And so, that’s why there’s a couple of things that I advise people to do. The first actually comes at the beginning, it comes at the outset, which is I call it a scoping question essentially. For most of us, the things that we wanna accomplish in the world are usually things that someone has done before. It’s very easy for us to have erroneous assumptions that we never question about what the journey looks like.
And so, I often hear from people who are so frustrated, they’re at the end of their rope because they feel like they’ve done everything, they’ve tried everything, and let’s say they’re two years in, and they think it should have happened in 12 months. And so, they say, “Oh, well, I’ve been doing it double the amount of time that I should. It’s obviously not happening,” but if there was a scoping error to begin with, and it actually takes most people three years, you are right on schedule. You just don’t know it.
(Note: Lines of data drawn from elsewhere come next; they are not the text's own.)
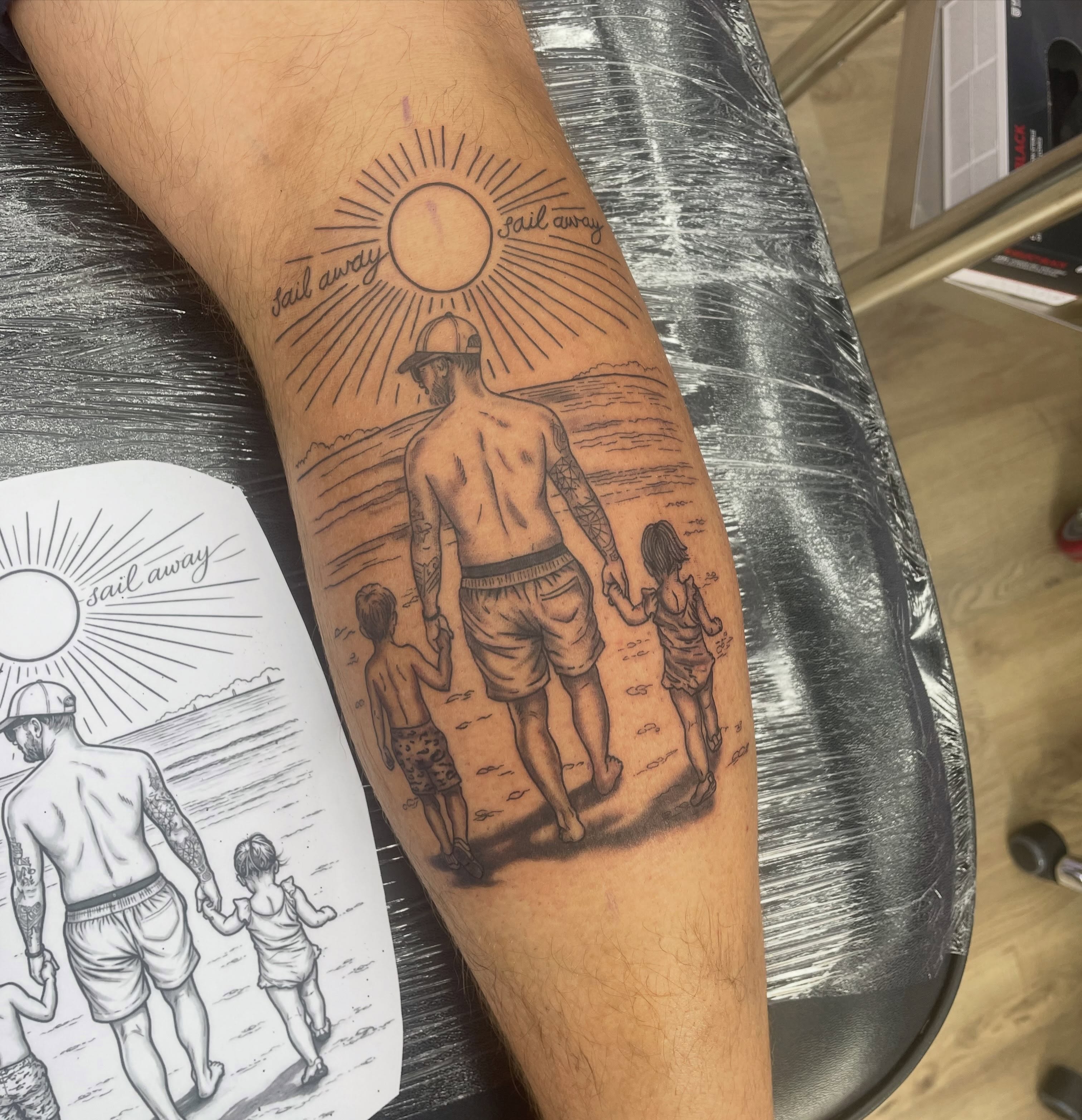 Beach family scene realism tattoo on the forearm by elly, Oakham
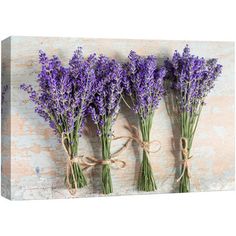 three bundles of lavender flowers tied with twine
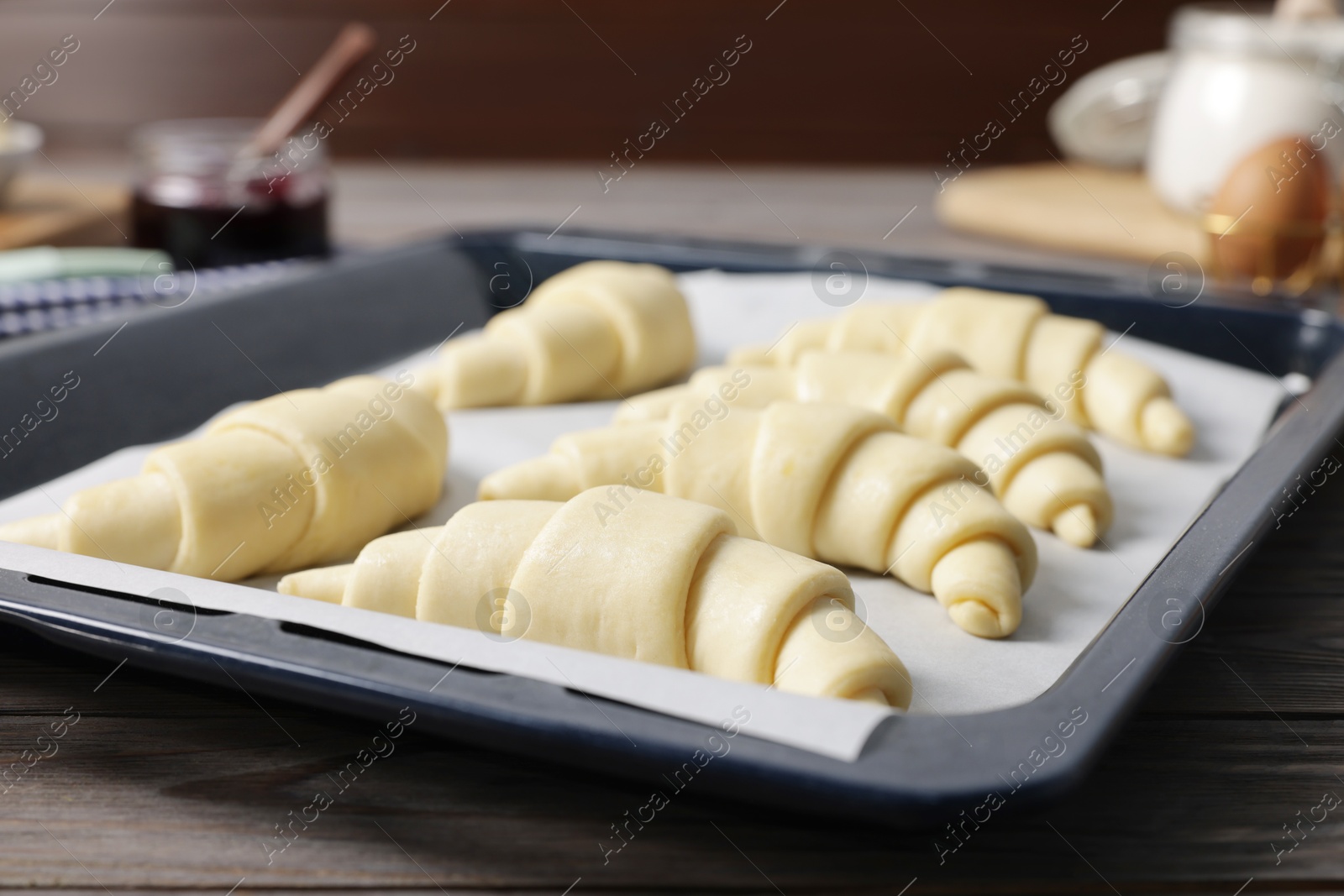 Photo of Fresh raw croissants on wooden table, closeup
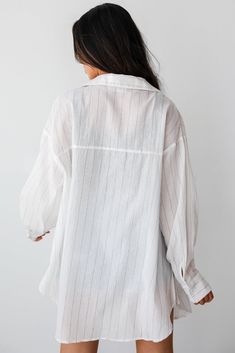 Look effortlessly cute for any casual occasion with a wardrobe essential like the Natural Sweetheart Pinstripe Oversized Button-Up Blouse! Effortlessly combining timeless sophistication with contemporary flair, this blouse is the epitome of chic versatility. Crafted from high-quality fabric, this blouse boasts a luxurious feel and impeccable craftsmanship. The oversized silhouette offers a relaxed fit that drapes elegantly over the body, creating a look that's both stylish and comfortable. The s Casual Pinstripe Button-up Tops, Spring Pinstripe Button-up Blouse, Blue Dress Accessories, Striped Oversized Button-up Blouse, Pinstripe Cotton Button-up Blouse, White Unstructured Button-up Top, White Long Sleeve Dress, Puff Sleeve Dresses, Casual Jumpsuit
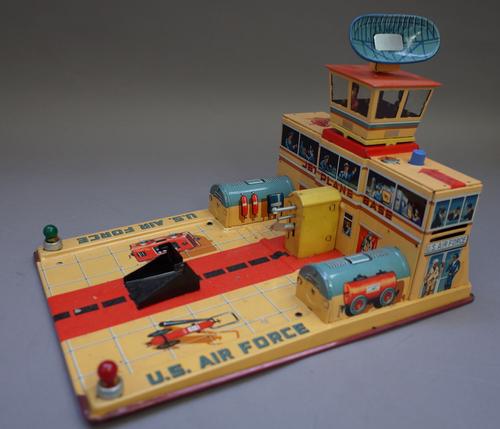 A Japanese Yonezawa tinplate 'Jet plane base', circa 1950, with automatic launching action, radar screen and buzzer, boxed.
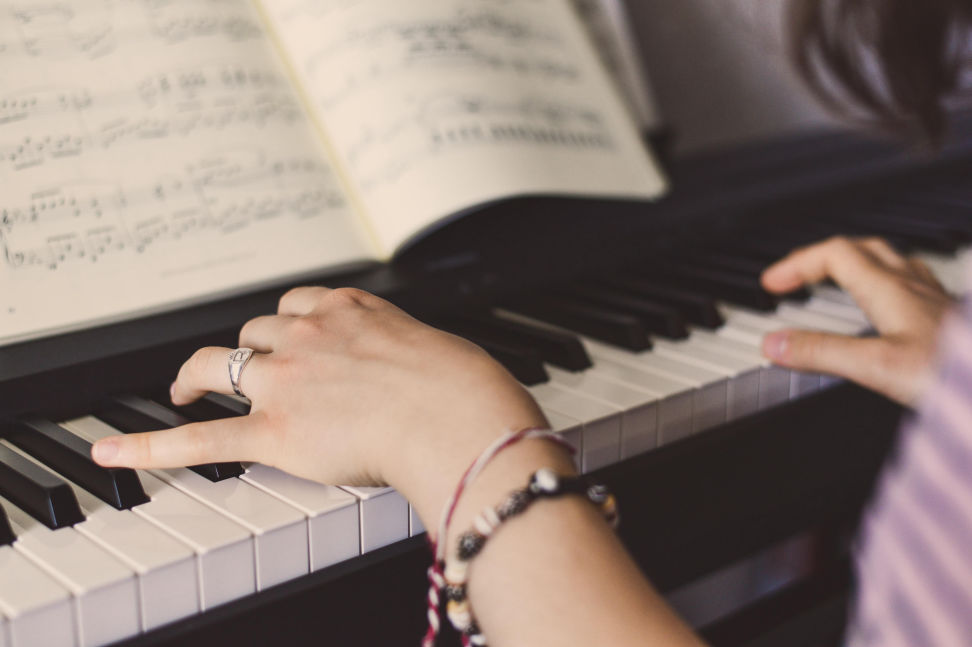 Hände spielen auf der Tastatur eines Klavier, ein Notenblatt davor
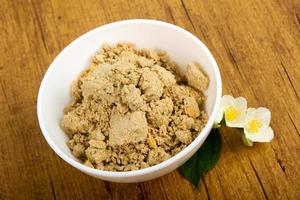 Halva in a bowl on wooden background photo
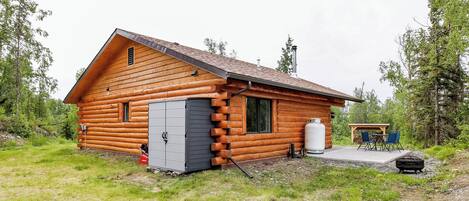 A log cabin with a porch, a water tank, and a grill area.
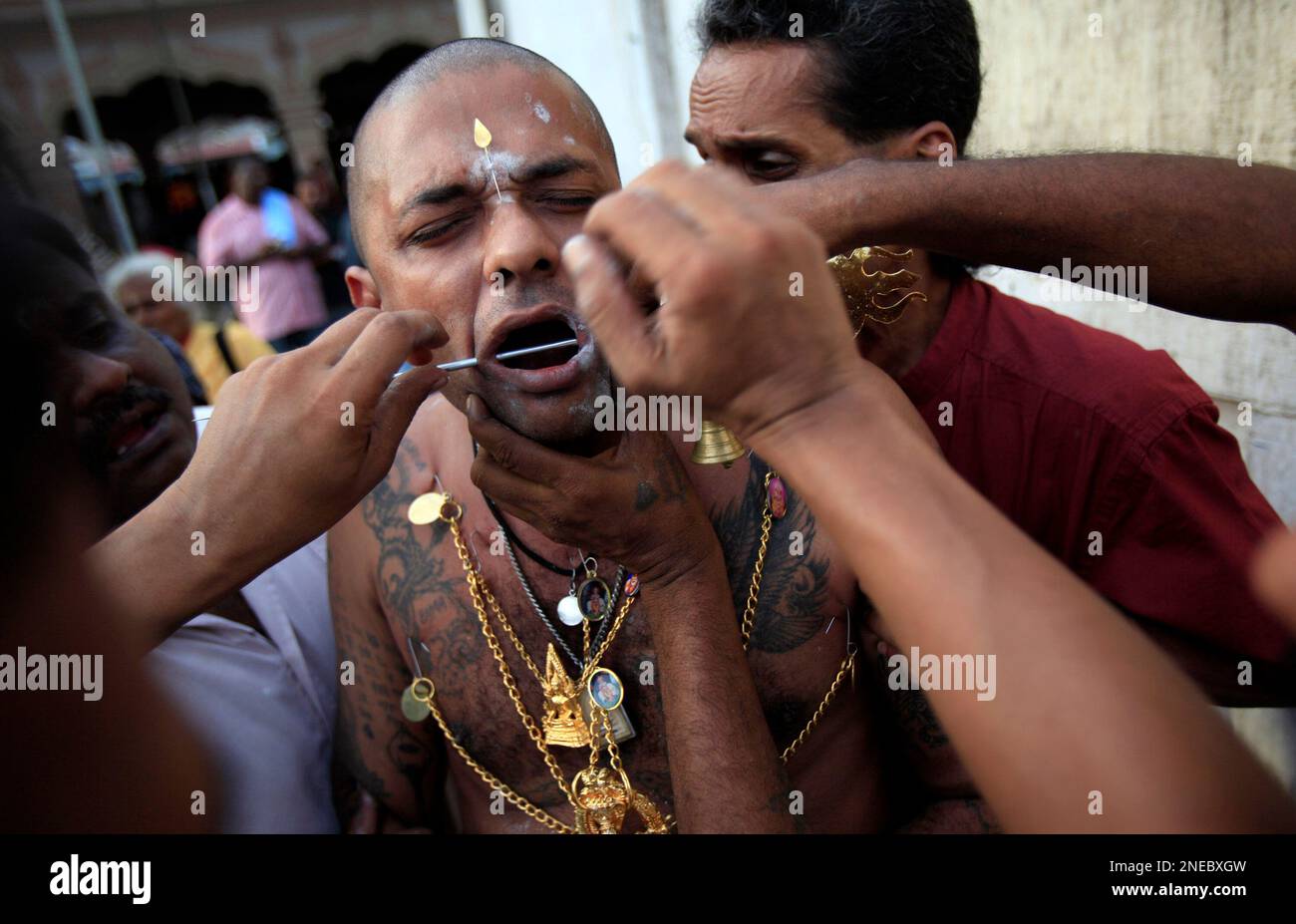 In this photo taken Jan. 30, 2010, a Hindu devotee gets a piercing ...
And so, for me, the tragedy is when people quit too soon, and they could have reached it. So scoping is the first issue.
The second piece is what I like to call looking for raindrops. And essentially, what that means-
Jay Papasan:
Well, I’m interested. I just like that saying. What does looking for raindrops mean?
Dorie Clark:
Yeah. Thank you. Well, the way that I think about success and how we measure success, it’s always, sort of, the glamorous end outcome. That’s the thunderstorm. That’s something that is so visible to anyone that anyone could perceive it. But it takes a while for a thunderstorm to build and there’s things that happen before it. The wind changes, the barometric pressure changes, you start to feel little tiny raindrops coming before the storm emerges.
And so often, we are so focused on that end outcome that we don’t even notice when there are signs of progress or success along the way. And that’s how we can keep ourselves motivated is to understand what are some of those early measures that enable us to say, “Oh, I must be making progress because I can feel the winds shifting.” And if you can, in advance, identify some of those measures, “Oh, okay, something’s different, something’s changing, there’s more momentum here,” it can enable you to stay encouraged when a lot of the time, other people might be giving up.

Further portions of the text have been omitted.